It should be made clear: this new, highly efficient, asymmetrical rotary engine has absolutely no resemblance to the symmetrical Wankel engine, whose triangular piston with curved sides in an oval Cylinders (trochoids) run. The Wankel engine has an even higher fuel consumption (10 -15%) and therefore more CO2 emissions than the reciprocating engine and is therefore used in motor vehicles. no longer installed.

The DPMA has identified and countered other inventions of rotary lobe motors as belonging to the prior art, which are disclosed in the following documents: D1 AT 298 155 B

Although the D1 shows a rotary piston engine with a circular rotary piston which is eccentrically seated on the drive shaft, there are no retracting and extending slides arranged on the motor housing and also not a work cycle which extends over an angular rotation of 205 ° of the drive shaft and is therefore longer than the compression cycle, is not shown.

D2 DE 697 32 860 T2
D3 DE 1 551150 A
The D2 to D3 show rotary piston engines with slides for sealing; however, these are not arranged on the motor housing. A work cycle, which extends over 205 ° angular rotation of the drive shaft, is also not shown
D4 DE 819 935 B
The D4 does indeed show a rotary piston engine with slides for sealing, which, however, are not arranged on the motor housing in an extending and retracting manner, but are movably inserted in slots in the rotary piston. The rotary piston is mounted eccentrically in the circular motor housing, which means that the slide must move in and out of the rotary piston in accordance with the eccentricity in order to always lie tightly against the motor housing. A work cycle, which extends over 205 ° angular rotation of the drive shaft is not shown.

Comparison of the new engine system with the reciprocating engine

The following comparison describes the advantages of a single unit of the new asymmetrical rotary engine compared to the current symmetrical reciprocating engine: Total work cycle new rotary engine 360 ° Reciprocating engine 720 ° KW Work cycle takes place at every turn every 2nd revolution Working cycle angle degrees: total cycle 205 °: 360 ° approx. 120 °: 720 ° KW Torque from the entire cycle 62.5% (single system) 16.6% (single cylinder engine) Expansion ratio Otto 1:31 at 10.35: 1 Verd. 1: 11.4 at 13: 1 compression Diesel 1:31 necessary charging 1: 18.6 at 24: 1 compression relationship Expansion vol. : Compression vol. implementation 3.2: 1 0.8: 1 v.
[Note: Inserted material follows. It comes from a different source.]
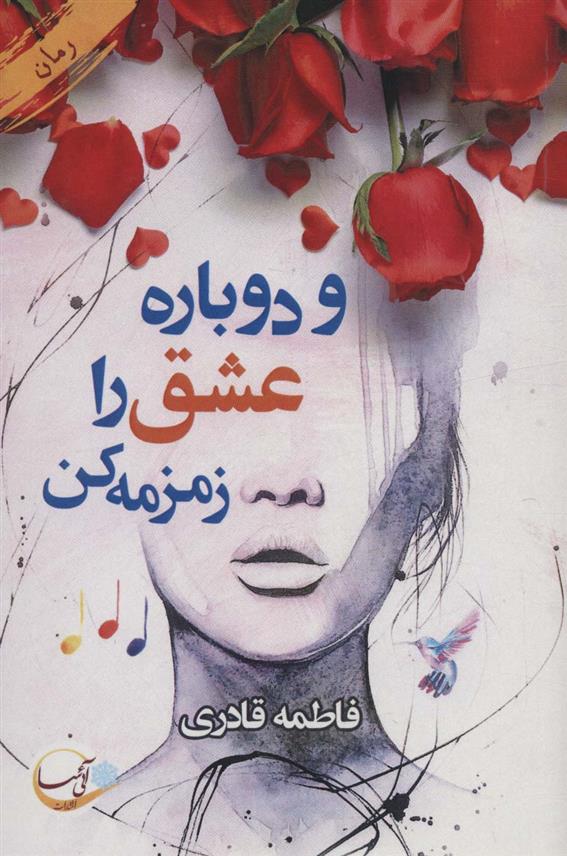 کتاب و دوباره عشق را زمزمه کن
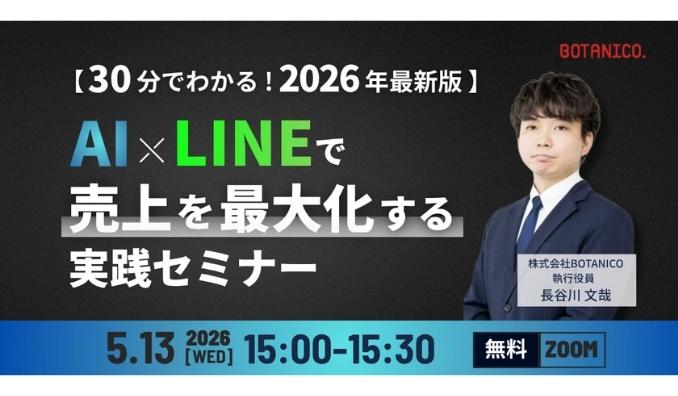 【ウェビナー情報】2026/5/13(水) BOTANICO、AI×LINEで売上を最大化する実践セミナー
Heat in mechan. energy through ceramic insulation v. Burning and expansion room high water-cooled.Cylinder without insulation low Time for mixture formation b. Speed 3000 min ^-1 0.026 s (intake injection) 0.01 s (direct injection) Burning time (expansion) b. Speed 3000 min ^-1 0.011 s 0.0066 s Charging due to the system Additional device

The torque continuity of 62.5% of the total cycle of the new engine is not even achieved by a 3-cylinder reciprocating engine and is only exceeded by a 4-cylinder engine. With the new engine system, only a single system is required, which causes less mechanical and thermal losses in the new system. The 2.6 times longer mixture formation time (more homogeneous mixture) and the 1.6 times the combustion time for the new engine make the exhaust gas cleaner and less exhaust gas aftertreatment is necessary. By using a special spark plug (cascade spark plug), lean mixture can also be ignited properly.

design of the new engine (Fig. 2 - 5 reference symbols p. 18)

The new asymmetrical rotary lobe engine consists of a circular hollow cylinder (motor housing) in which a circular rotary lobe eccentrically located on the drive shaft rotates. Sealing strips between the apex line of the rotary piston and the hollow cylinder (distance 0.03 mm) are not necessary because the cylinder surfaces, which almost touch each other (bottle neck effect), create a very high gap resistance. The hollow cylinder remains wear-free, which is also necessary because of the ceramic insulation. The compression space, expansion space and intake space are through 3rd Extending and retracting slides from the motor housing according to the piston rotation, which are placed on the rotary piston with approx. 0.1 mm play so that the slide control does not exert any mechanical pressure on the rotary piston. The movable slide rockers adapt to the respective angle of the piston surface.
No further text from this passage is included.